At least it seems that way. All you double-digit floor dwellers at Grant and Stevenson towers, I feel your pain. It feels like an eternity waiting for those motor-propelled lifts when you’re late for class and the R bus just flew past.
But what about the rest of campus? Where’s the best elevator? Or since it is October and certain movies depict elevators in scary ways, how about the freakiest, most claustrophobic elevator on campus?
Zulauf Hall, also known as the giant filing cabinet-esque building for teachers, feels like it’s straight out of “Being John Malkovich.” It has the most dank, grimy, off-white-colored elevators on campus.
At one time, they could have been clean, well-oiled lifting machines. But over the years of use and decay, they’ve been degraded to eerie shells of what once was an effective alternative to stairs. Every time I ride them, I wonder if I will make it out unscathed.
Aside from sheer appearance, the elevators have been home to odd events.
Junior communication major Jason Tozier remembers when one elevator trapped him.
“[The elevator] started going down to the first floor, and the doors didn’t open. We had to force them open with our hands,” Tozier said.
I’m no stranger to elevator antics. Last year, my two roommates and I created Maximum Capacity, a band specializing in live elevator music. Due to our missing television, we played a five-hour show and handed out free condoms at Stevenson’s C-Tower.
The Holmes Student Center is known for its rustic lifts. The peculiar thing about them is they can lock floors, disallowing access. Last year, senior pre-elementary education major Peggy Keiner had a scary moment in the student center’s elevators. “Wherever I wanted to go, it wouldn’t take me there,” she said.
She was trying to get to the Student Association meeting on the 16th floor, but she hadn’t been told it was canceled.
“I pushed the button, but it wouldn’t take me to the floor,” she said. “It took me to the 15th floor instead.
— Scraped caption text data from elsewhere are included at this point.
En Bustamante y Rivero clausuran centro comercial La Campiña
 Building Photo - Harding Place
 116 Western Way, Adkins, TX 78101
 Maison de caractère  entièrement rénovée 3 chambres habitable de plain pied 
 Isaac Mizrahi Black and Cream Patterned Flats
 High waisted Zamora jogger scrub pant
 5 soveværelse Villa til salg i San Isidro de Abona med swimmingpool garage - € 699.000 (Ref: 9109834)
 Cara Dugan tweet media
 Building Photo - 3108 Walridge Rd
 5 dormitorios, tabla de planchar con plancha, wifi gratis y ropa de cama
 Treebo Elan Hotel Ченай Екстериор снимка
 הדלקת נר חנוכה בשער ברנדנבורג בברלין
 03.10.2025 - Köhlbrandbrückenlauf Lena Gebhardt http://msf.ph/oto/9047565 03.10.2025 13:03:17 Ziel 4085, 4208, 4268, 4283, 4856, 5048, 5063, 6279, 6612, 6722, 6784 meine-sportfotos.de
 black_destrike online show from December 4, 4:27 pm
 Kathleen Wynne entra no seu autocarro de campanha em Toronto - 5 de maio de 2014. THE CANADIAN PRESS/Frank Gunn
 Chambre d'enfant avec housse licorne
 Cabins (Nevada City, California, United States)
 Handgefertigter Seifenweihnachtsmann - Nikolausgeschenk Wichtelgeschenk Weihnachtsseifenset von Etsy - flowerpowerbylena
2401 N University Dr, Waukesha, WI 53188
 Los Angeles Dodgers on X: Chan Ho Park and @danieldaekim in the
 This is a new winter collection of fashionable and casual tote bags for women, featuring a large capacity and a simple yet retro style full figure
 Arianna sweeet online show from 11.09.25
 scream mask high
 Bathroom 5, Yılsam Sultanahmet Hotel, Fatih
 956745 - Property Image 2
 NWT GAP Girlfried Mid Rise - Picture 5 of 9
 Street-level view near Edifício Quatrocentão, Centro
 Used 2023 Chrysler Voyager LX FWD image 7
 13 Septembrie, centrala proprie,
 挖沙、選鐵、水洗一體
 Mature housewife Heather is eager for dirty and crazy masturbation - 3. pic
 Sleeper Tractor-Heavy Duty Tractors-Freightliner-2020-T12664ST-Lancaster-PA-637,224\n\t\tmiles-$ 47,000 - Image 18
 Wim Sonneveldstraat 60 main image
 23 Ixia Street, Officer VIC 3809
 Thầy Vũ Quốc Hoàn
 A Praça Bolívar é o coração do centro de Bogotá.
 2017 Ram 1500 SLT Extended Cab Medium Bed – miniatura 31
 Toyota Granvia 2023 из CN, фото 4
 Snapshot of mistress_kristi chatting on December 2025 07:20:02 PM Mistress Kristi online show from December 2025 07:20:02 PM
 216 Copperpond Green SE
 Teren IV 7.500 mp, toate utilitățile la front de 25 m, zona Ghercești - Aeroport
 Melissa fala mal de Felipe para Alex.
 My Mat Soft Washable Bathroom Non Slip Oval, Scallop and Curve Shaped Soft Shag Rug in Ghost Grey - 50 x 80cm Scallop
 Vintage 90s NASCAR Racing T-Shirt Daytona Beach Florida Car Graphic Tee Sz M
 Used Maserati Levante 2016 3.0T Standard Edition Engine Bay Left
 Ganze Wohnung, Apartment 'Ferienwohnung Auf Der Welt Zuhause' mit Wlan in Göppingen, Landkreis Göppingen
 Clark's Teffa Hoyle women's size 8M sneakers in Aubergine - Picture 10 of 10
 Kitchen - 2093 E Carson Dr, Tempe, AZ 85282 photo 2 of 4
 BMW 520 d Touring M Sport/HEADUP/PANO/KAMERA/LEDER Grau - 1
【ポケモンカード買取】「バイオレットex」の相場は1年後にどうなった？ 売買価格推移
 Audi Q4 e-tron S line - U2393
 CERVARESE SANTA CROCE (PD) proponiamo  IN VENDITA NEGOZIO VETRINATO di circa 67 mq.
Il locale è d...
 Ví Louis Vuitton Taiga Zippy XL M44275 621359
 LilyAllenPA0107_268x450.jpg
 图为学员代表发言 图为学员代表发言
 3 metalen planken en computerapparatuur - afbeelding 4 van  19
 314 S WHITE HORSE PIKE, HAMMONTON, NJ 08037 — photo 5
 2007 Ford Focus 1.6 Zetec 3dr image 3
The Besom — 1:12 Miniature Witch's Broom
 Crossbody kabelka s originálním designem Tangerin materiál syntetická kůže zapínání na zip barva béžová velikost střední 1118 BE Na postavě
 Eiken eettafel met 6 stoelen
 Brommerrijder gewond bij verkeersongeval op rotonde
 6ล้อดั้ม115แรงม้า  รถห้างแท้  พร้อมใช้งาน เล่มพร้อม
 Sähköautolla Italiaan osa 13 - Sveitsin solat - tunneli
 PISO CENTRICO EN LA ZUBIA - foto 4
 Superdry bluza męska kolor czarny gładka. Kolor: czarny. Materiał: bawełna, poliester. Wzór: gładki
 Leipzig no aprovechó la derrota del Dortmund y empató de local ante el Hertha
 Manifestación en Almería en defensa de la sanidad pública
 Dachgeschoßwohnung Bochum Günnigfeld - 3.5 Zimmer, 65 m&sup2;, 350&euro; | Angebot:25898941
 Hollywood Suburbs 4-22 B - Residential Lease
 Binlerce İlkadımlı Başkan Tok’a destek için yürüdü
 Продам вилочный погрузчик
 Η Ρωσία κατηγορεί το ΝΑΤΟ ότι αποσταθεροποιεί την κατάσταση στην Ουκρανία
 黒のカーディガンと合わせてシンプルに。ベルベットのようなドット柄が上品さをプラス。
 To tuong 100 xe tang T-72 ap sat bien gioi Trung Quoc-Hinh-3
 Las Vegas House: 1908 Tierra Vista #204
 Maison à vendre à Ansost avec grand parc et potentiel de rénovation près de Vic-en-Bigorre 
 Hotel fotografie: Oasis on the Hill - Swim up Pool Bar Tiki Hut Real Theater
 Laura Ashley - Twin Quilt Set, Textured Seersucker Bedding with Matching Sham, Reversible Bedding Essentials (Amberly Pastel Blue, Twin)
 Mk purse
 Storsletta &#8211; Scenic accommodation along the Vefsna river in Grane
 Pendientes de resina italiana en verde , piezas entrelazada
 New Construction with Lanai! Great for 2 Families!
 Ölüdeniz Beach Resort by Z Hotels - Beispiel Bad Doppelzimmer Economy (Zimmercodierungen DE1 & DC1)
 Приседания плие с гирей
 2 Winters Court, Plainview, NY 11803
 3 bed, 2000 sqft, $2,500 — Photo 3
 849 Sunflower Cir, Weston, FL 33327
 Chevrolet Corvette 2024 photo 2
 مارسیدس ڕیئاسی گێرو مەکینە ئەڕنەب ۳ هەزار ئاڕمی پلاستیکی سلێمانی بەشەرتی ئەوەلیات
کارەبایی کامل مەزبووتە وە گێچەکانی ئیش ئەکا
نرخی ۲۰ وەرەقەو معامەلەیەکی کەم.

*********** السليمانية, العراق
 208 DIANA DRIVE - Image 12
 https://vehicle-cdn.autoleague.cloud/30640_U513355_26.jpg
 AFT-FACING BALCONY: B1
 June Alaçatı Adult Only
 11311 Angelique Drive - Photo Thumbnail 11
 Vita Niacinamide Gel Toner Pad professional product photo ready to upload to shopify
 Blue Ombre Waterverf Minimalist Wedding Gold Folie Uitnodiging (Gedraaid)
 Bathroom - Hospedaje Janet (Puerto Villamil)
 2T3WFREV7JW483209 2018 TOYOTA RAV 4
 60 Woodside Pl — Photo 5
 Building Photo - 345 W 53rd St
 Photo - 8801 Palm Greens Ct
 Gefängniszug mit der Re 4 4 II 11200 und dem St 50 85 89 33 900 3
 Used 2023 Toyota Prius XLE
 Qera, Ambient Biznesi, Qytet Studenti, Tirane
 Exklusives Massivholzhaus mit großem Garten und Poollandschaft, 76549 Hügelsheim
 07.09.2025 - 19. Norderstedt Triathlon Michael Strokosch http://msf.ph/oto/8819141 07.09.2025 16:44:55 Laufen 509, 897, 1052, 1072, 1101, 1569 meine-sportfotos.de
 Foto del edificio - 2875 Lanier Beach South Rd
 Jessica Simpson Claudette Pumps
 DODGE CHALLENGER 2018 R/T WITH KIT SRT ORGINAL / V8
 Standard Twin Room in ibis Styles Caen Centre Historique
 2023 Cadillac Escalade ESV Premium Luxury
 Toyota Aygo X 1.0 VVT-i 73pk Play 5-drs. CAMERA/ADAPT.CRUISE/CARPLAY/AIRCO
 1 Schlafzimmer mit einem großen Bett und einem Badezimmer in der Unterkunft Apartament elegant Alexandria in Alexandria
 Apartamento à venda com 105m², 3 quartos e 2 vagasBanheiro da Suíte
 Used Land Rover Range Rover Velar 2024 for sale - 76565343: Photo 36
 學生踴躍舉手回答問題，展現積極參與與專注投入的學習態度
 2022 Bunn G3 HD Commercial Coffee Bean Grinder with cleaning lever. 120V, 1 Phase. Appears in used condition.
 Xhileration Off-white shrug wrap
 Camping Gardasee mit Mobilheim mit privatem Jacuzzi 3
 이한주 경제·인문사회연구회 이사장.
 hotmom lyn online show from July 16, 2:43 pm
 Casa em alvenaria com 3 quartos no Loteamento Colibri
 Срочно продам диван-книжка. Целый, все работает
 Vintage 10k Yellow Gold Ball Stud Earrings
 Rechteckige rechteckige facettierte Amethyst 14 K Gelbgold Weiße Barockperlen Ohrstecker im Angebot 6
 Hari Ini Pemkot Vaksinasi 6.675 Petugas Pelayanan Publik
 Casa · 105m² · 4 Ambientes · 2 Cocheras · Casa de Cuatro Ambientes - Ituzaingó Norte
As the doors opened, the imminent feeling of doom set in, as what looked to be a hallway from the elevator was shining before me.”
She was greeted with a poorly lit hallway lacking activity.
Luckily, the eeriest part of the Grant and Stevenson elevators is the peculiar marks on the floors, walls, and in a few cases, ceilings.
The creepiest, most sinister elevator on campus goes to The Holmes Student Center for the total lack of knowing exactly which floor someone will end up on.